Quem assistiu ao último debate do estado da nação, viu-se perdido no país maravilhoso de Costa e Brilhante Dias, um Portugal que não pára de convergir com a média da União Europeia, onde a descentralização vai avançar fervorosamente, que vai ter um crescimento fantástico este ano, em que as creches vão ser gratuitas e até um novo hospital vai nascer em Lisboa. Não fosse o fantástico crescimento deste ano apenas nos fazer recuperar os valores de 2019 e ninguém ter percebido quanto nos vai custar a parceria público privada que, curiosamente, envolve a tradicional construtora do regime, e este mundo de fantasia até nos podia convencer a visitá-lo.

A forma como António Costa decidiu destacar os Ministros do Ambiente e Cultura para intervir neste debate, em que Saúde, Administração Interna, Economia ou Finanças deveriam ser a prioridade, mostra bem a displicência com que o parlamento atual é tratado. A arrogância e soberba de quem consegue ser mais arrasador que Ventura e as suas cheerleaders, que perante as questões de 17 diferentes deputados consegue gastar apenas 1 minuto a simular uma resposta, que já não tem vergonha de passar a ideia de que não está minimamente interessado em prestar contas, conseguindo mesmo a fantástica proeza de nos pôr a achar que afinal Rui Rio tinha razão e o escrutínio que os debates quinzenais supostamente trariam é desnecessário.

O PSD, que deveria estar rejuvenescido com um novo líder, mostrou com a escolha de Miranda Sarmento para opositor de Costa que a letargia atual é para continuar. Alguém com craveira intelectual e percurso profissional relevante, mas sem experiência parlamentar, que tem a tradicional capacidade de um bom economista de fazer rapidamente adormecer quem o ouve, torna-se num alvo fácil para um político com mais de 20 anos de experiência governativa e discursiva, não tendo perfil para colocar pressão no governo e proporcionar um melhor escrutínio parlamentar.

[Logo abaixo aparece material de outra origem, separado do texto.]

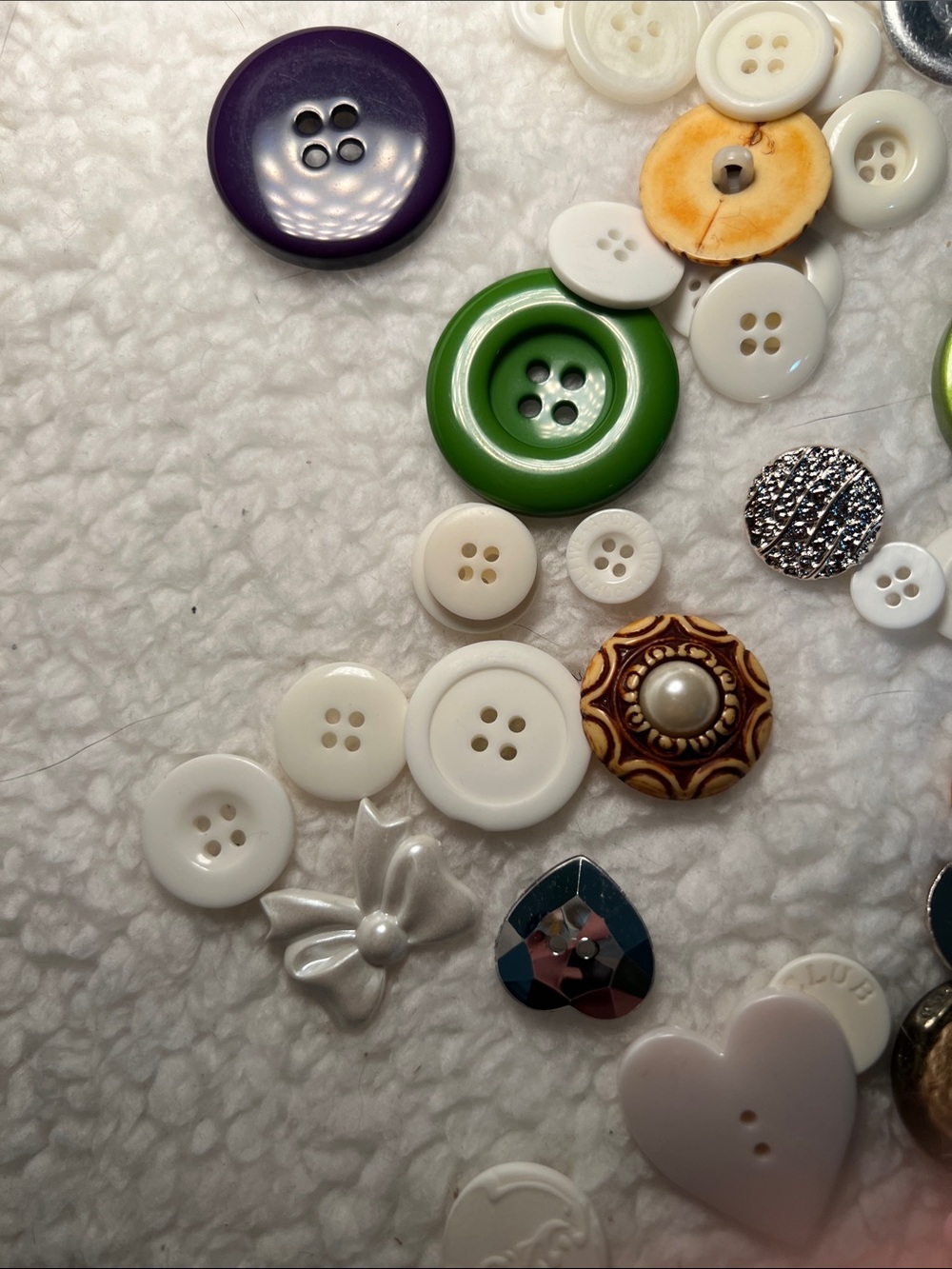 Mixed Color Sewing Button Lot - Picture 2 of 6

Naturalmente, o novo líder parlamentar do partido que supostamente deveria liderar a oposição acabou atropelado, tendo que responder pelo seu passado como escritor e sendo mesmo colado a Passos Coelho e à Troika (o bicho papão que um antigo nº 2 de José Sócrates continua a ter a lata de atirar aos adversários políticos), acusações que Miranda Sarmento foi respondendo de voz embargada e trémula, demonstrando mais uma vez aos portugueses que este PSD é incapaz de confrontar eficazmente o PS e deixando a Cotrim Figueiredo a dura tarefa de aguentar sozinho as despesas da oposição não extremista.

No seguimento do debate, Duarte Cordeiro dissertou sobre a seca extrema que atravessamos, alterações climáticas e o quanto o PRR nos vai ajudar a mitigar os seus efeitos, culminando com a frase “está em curso a reforma da floresta”, que nem que seja por fruto dos próprios incêndios é uma profecia que tende a realizar-se. Na intervenção de maior qualidade do governo, com conteúdo, assertivo, num discurso vivo e contrastante com o ministro que o seguiu, acrescendo ainda estar a dirigir uma pasta ministerial a que não faltarão fundos, estamos perante um sério candidato a discutir com Pedro Nuno Santos a futura liderança do PS.

Para completar o guião desta tarde parlamentar deprimente, o Ministro da Cultura teve a oportunidade de finalizar o debate. Numa intervenção sem chama e a fazer relembrar alguns dos espetáculos que o seu ministério financia, cujo momento alto passou por relembrar que nesta legislatura comemoramos os 50 anos do 25 de Abril de 1974, como se para tal não fosse suficiente ver subir o antigo comissário destas festividades ao púlpito. Pedro Adão e Silva, que não se livra da imagem de só ter sido nomeado para a referida comissão como prémio pela sua atividade como comentador “isento”, proporcionou uma bela algazarra parlamentar e justificou bem o motivo da sua escolha como ministro, sempre que necessário será lançado para a arena, provocará o burburinho na bancada do Chega e garantirá que este espetáculo não termina. Que a “bola e alguns tolos” continuam a entreter o país.